What you will do:
The answer is the data repeated in full, with no pictures included.

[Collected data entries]
--------------------------------

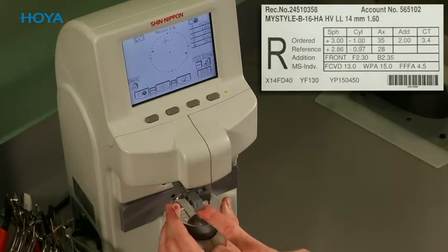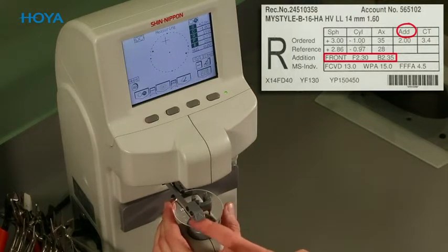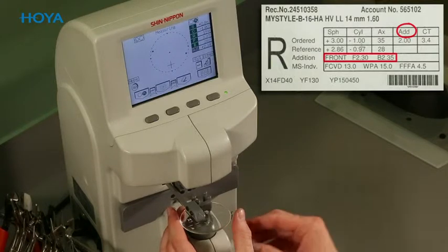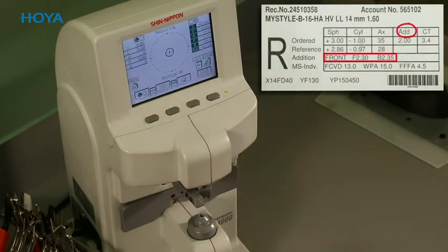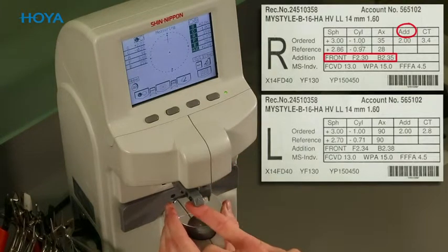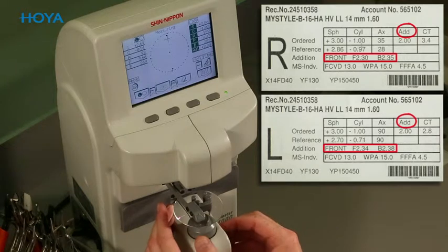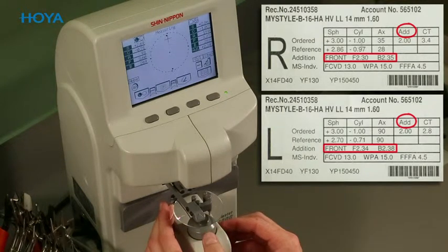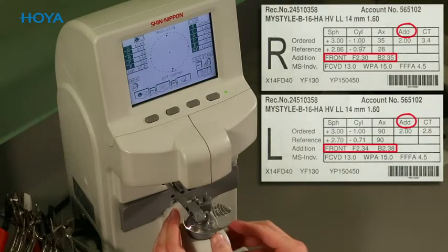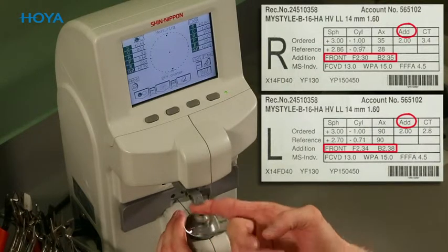In order to verify the addition power, please decide if you want to check either the back surface or the front surface addition power. For your convenience, both are printed on the lens envelope. The addition value is measured as the difference between the mean power in the near reference point and the mean power in the far reference point. The mean power is the calculated value of measured spherical power plus half of the measured cylinder. Keep in mind that both mean power values need to be measured on the same surface depending on your decision.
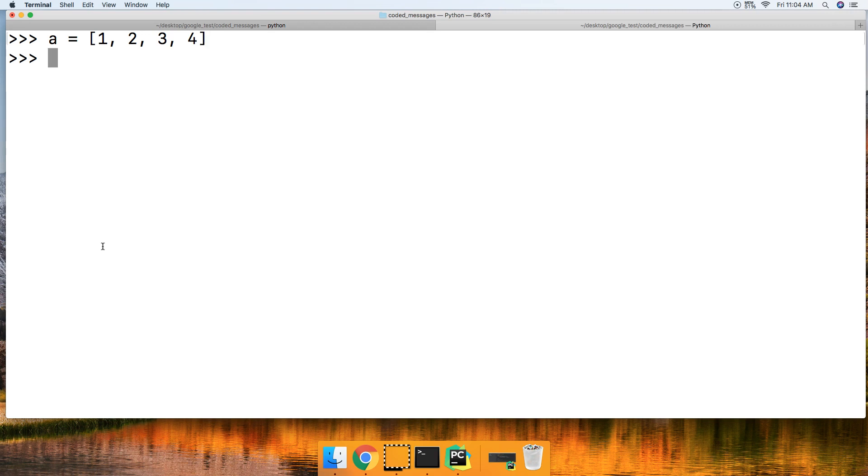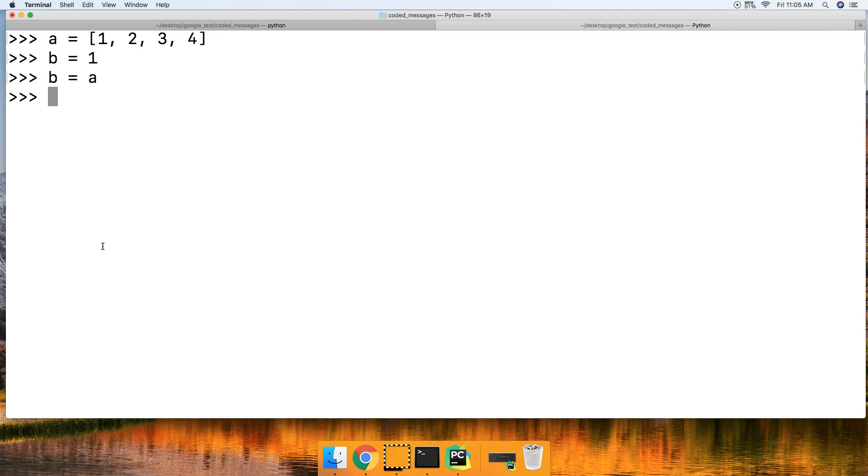One way for us to get a list as another object or represented by another variable, we could do B equals A. So if we go A and we go B, there we go.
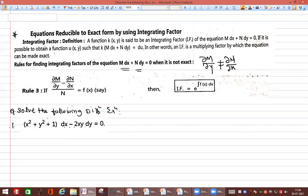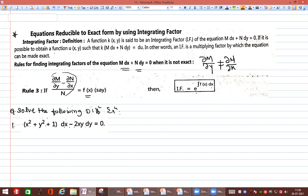Rule 3 states that if (∂M/∂y − ∂N/∂x) / N equals only a function of x — or a constant — then the integrating factor is e raised to the integration of f(x) dx. After simplifying the left-hand side, if we get a function of x only with no y, then Rule 3 is applicable. Once we get the integrating factor, we multiply the non-exact equation by it and it becomes exact.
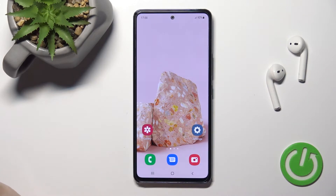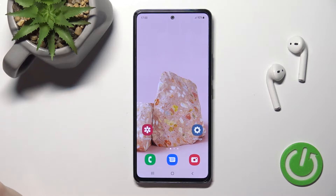Welcome to Dear Friend of Me. I'll show you how to turn on or turn off silent mode on the Samsung Galaxy A53.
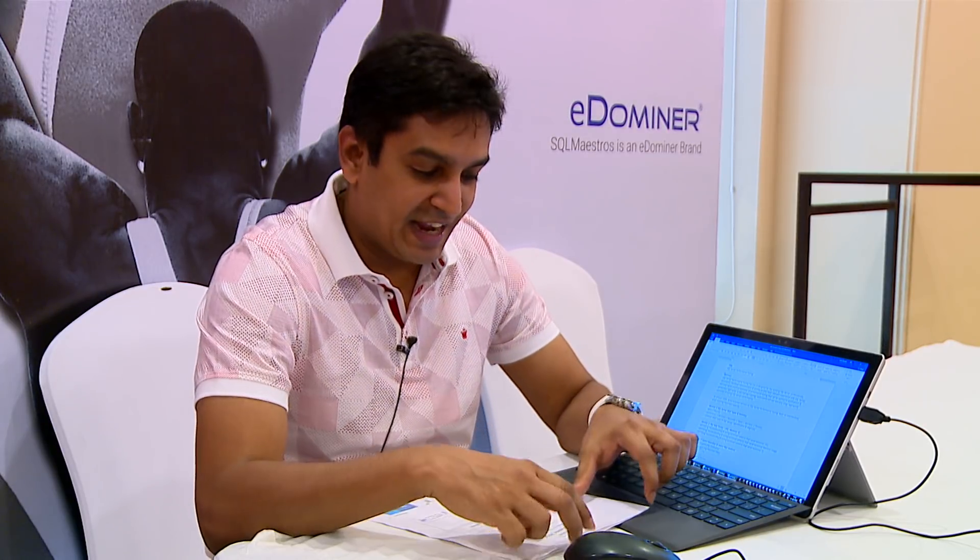Hi, my name is Amit Bansal and I work with SQL Maestros as a SQL Server consultant. It's an exciting day today. This is the third day of Data Platform Summit 2018 and we're just closing the conference. I'm here taking out some time to record this video for SQL Saturday Singapore at the SQL Maestros stall at this conference.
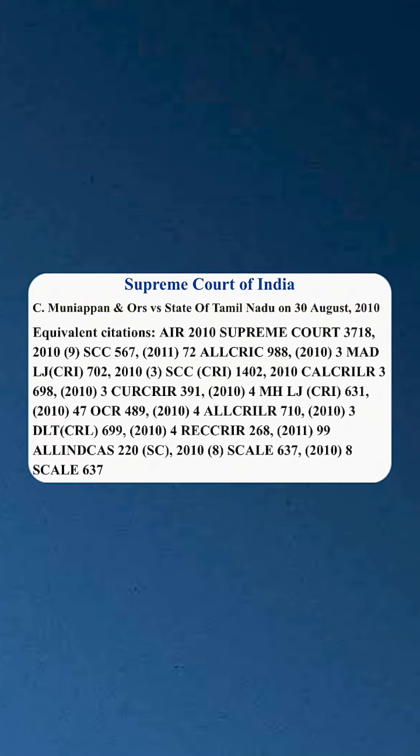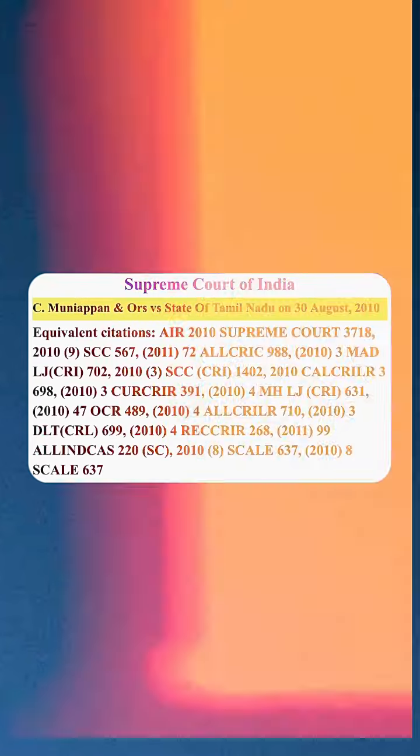The landmark judgment for this is C. Muniappa versus State of Tamil Nadu, 2010 Supreme Court. See you tomorrow.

--------------------------------

Response box:
In order to verify the addition power, please decide if you want to check either the back surface or the front surface addition power. For your convenience, both are printed on the lens envelope. The addition value is measured as the difference between the mean power in the near reference point and the mean power in the far reference point. The mean power is the calculated value of measured spherical power plus half of the measured cylinder. Keep in mind that both mean power values need to be measured on the same surface depending on your decision.
One way for us to get a list as another object or represented by another variable, we could do B equals A. So if we go A and we go B, there we go.
Rule 3 states that if (∂M/∂y − ∂N/∂x) / N equals only a function of x — or a constant — then the integrating factor is e raised to the integration of f(x) dx. After simplifying the left-hand side, if we get a function of x only with no y, then Rule 3 is applicable. Once we get the integrating factor, we multiply the non-exact equation by it and it becomes exact.
Welcome to Dear Friend of Me. I'll show you how to turn on or turn off silent mode on the Samsung Galaxy A53.
Hi, my name is Amit Bansal and I work with SQL Maestros as a SQL Server consultant. It's an exciting day today. This is the third day of Data Platform Summit 2018 and we're just closing the conference. I'm here taking out some time to record this video for SQL Saturday Singapore at the SQL Maestros stall at this conference.
The landmark judgment for this is C. Muniappa versus State of Tamil Nadu, 2010 Supreme Court. See you tomorrow.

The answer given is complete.